BEGIN

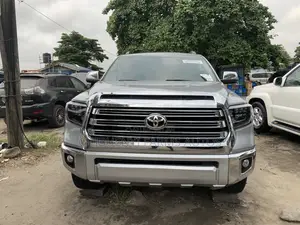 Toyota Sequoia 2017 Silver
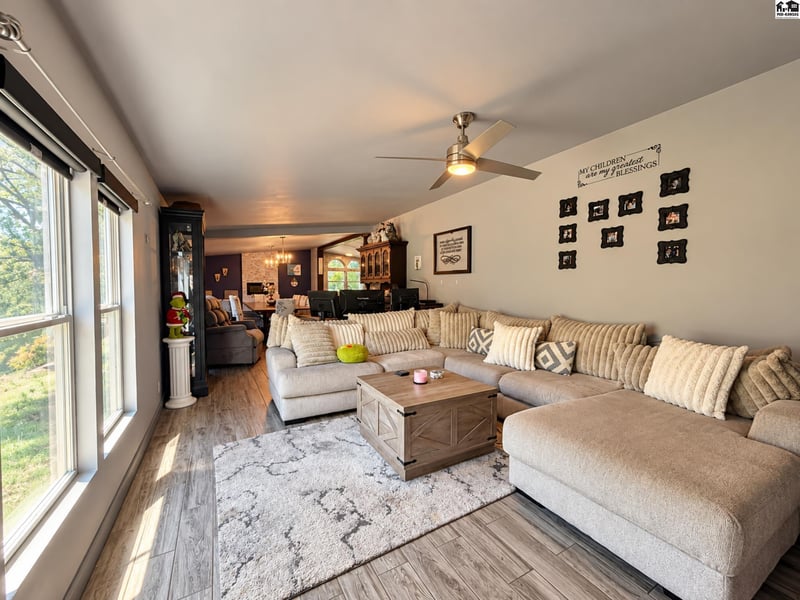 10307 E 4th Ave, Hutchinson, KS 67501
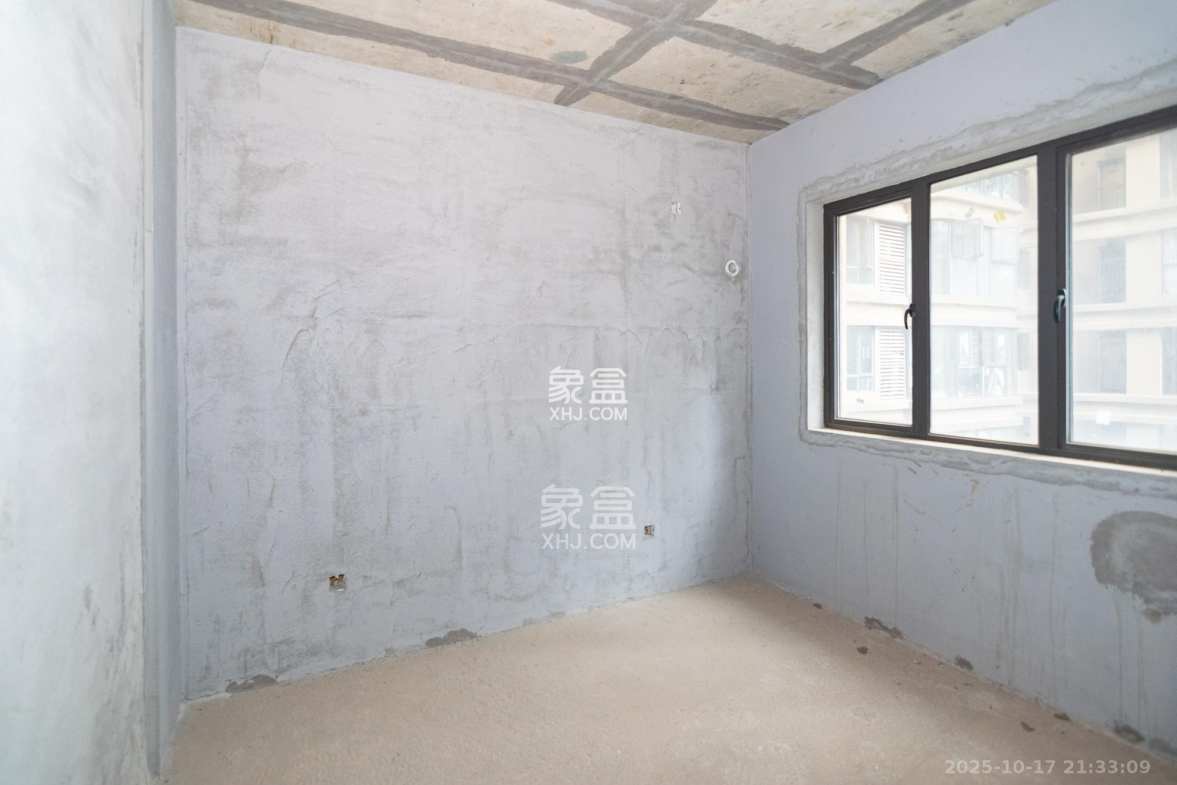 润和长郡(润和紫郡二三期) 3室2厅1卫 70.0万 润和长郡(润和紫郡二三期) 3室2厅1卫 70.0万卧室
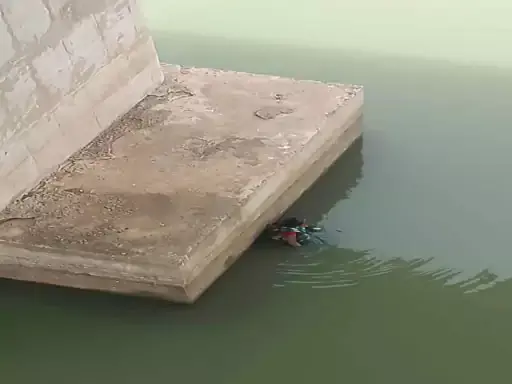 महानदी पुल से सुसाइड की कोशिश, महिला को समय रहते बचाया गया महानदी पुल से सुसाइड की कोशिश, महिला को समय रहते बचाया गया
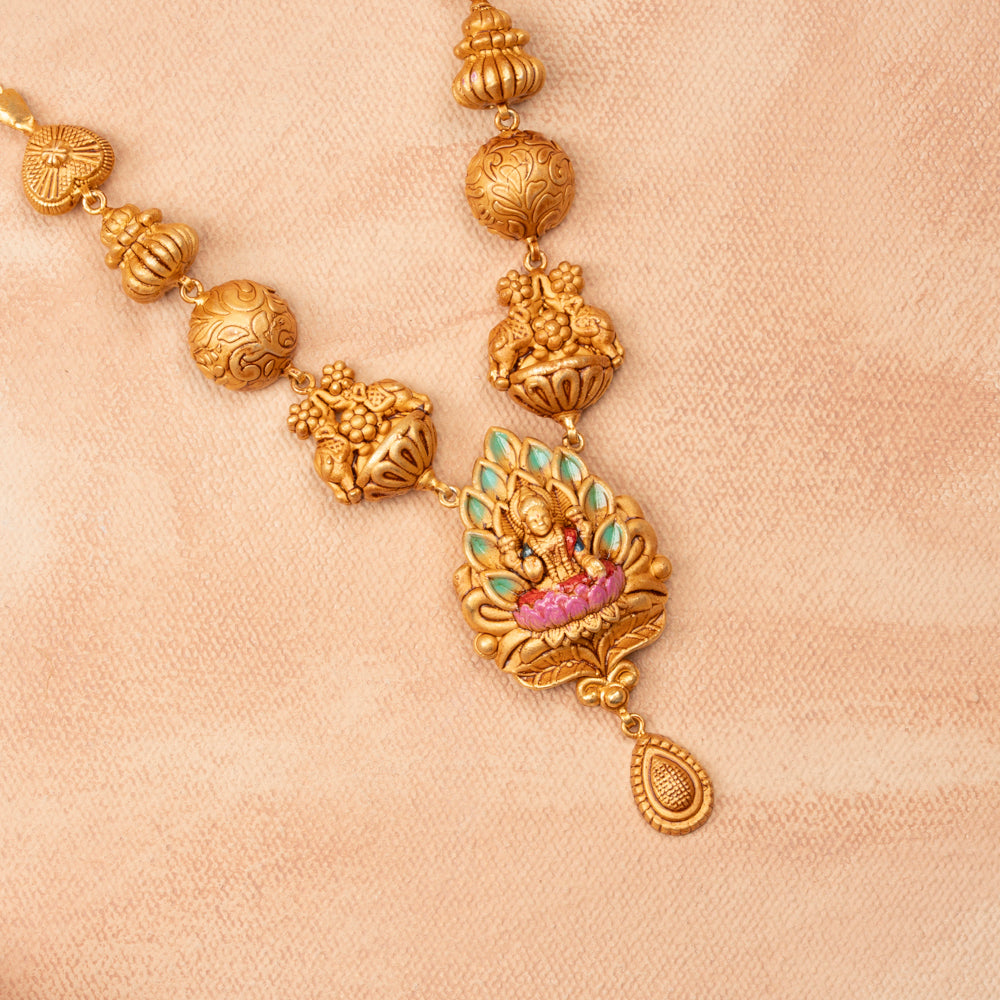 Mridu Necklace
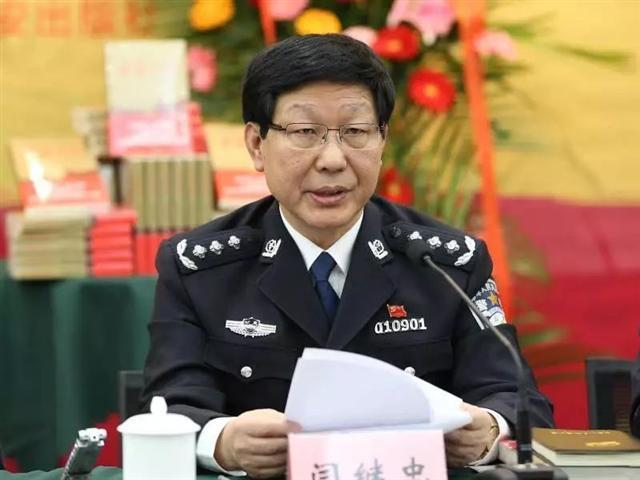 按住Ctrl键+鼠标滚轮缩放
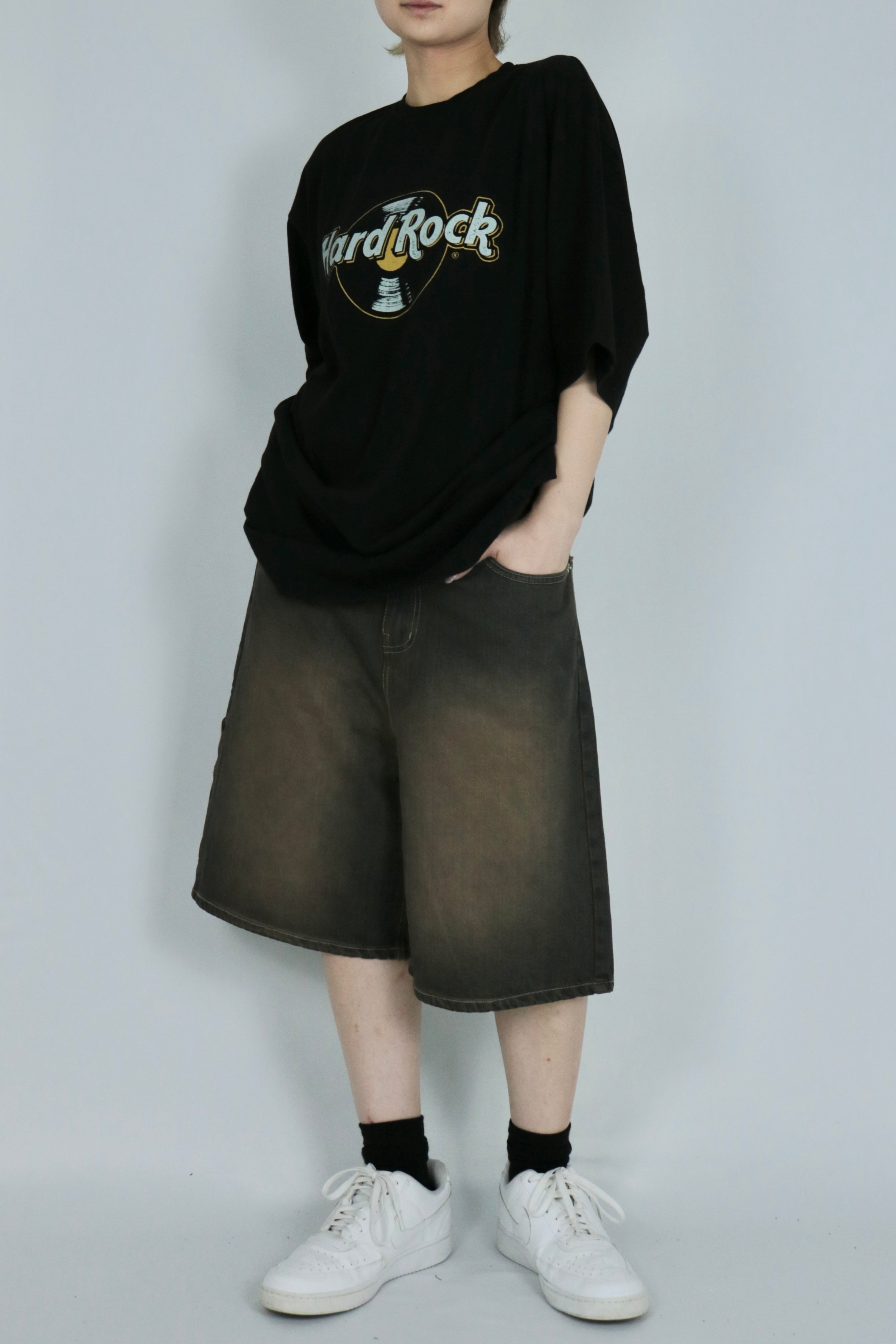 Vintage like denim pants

END

= TASK STATEMENT =
Beginning with the line that contains "润和长郡(润和紫郡二三期) 3室2厅1卫 70.0万 润和长郡(润和紫郡二三期)", reproduce every line through the end of the records above exactly, leaving pictures out.

= ANSWER BOX =
 润和长郡(润和紫郡二三期) 3室2厅1卫 70.0万 润和长郡(润和紫郡二三期) 3室2厅1卫 70.0万卧室
 महानदी पुल से सुसाइड की कोशिश, महिला को समय रहते बचाया गया महानदी पुल से सुसाइड की कोशिश, महिला को समय रहते बचाया गया
 Mridu Necklace
 按住Ctrl键+鼠标滚轮缩放
 Vintage like denim pants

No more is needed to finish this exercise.